Much of the epochal and celebratory (and conservative) rhetoric surrounding “web 2.0″ is at times disconcertingly familiar. In the mid nineties, we were doing exactly the same thing–but this time, “the web” was pit up against a series of “non digital” foe. Within a lot of the early theories of “cyberspace” (Turkle, Rheingold, Stone, Mitchell, to name just a few) the drama of the new, the revolutionary, and the subversive was played out in contrast to an former, more traditional and less progressive time. Belonging to this former period are the outmoded cultural artifacts of the book, the narrative film, the chemically produced photograph, all antiques of a pre-hypertextual era where knowledge was physically contained or delimited in discrete forms, where we were “led” through the narrative as passive consumers. Now, as users, we were immersed in an “interactive” culture that, apparently, transformed us from couch potatoes to agents in the construction of our own multiple narratives and identities.
Here the meaning of the “new digital age” was read off the technologies in question, and so for all the celebration (or commiseration) that herein lay the epistemological shift to define an era, the theories still participated in the dominant progressivist narrative of scientific and technological “evolution.” Here, and arguably now, the major claim was that formerly antiquated modes of cultural production lacked the essential characteristics of digital representation, which privileged indeterminacy, multiplicity and “laid bare” the heretofore mystificatory and naturalized processes of meaning-making. Often glossed or ignored in these accounts of the inherent interactivity and “writerliness” of digital imaging is how all such interaction or communication takes place within specific given conditions and institutional structures.

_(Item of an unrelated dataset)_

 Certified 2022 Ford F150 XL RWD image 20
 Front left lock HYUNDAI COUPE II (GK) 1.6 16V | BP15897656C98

While I do not want to suggest that Web 2.0 was/is an empty term, or set its usage up as a strawman to show how we are committing all the same errors, what I am interested in is how and for what purposes Web 1.0 becomes the defining “other” or “outside” to web 2.0. It is this gesture I think we need to be careful of, even while we usefully galvanize the theoretical concept of Web 2.0. As a scholar with a cultural studies bent, I see Web 2.0 less as a revolution in technology than as an acceleration of an already-occuring epistemological shift triggered by modernity. Just when this shift was triggered is obviously up for debate, but just as the “dawning of a digital age” did not mean a turn away from “passive” modes of consumption and production, nor does web 2.0 signal a break from conventional and intractable forms of an older, flat, world wide web.
Just how transformative, constructivist, democratic, and new Web 2.0 is depends on the specific and material contexts of its uses (and how, in turn, we read them). As I’ve mentioned before, “mommyblogging” for me is an instance of this potential transformation; but on the other hand, it is also an instance where largely white and middle-classed western women get to write the stories of “motherhood.” ”Blogging” is not instrinsically radical or democratic–far from it. But does it signal some shifts in forms of communication and the distribution of representative power? In many specific, material contexts yes. (and also no).
So, on one level “web 2.0″ for me is not a useful phrase, for it suggests a breaking away from something by means of new technologies that is not necessarily the case. On the other hand, as a term to usefully describe this ongoing shift, this ongoing turn to new forms of communication and of being, then at this moment in time, web 2.0 is doing its job. As long as we remain grounded in the address of situated contexts of usage. The term is usefully bringing critical theoretical and social issues back to the forefront, and once again highlighting that change–however slow, however uneven–is afoot. And for that, it is very useful.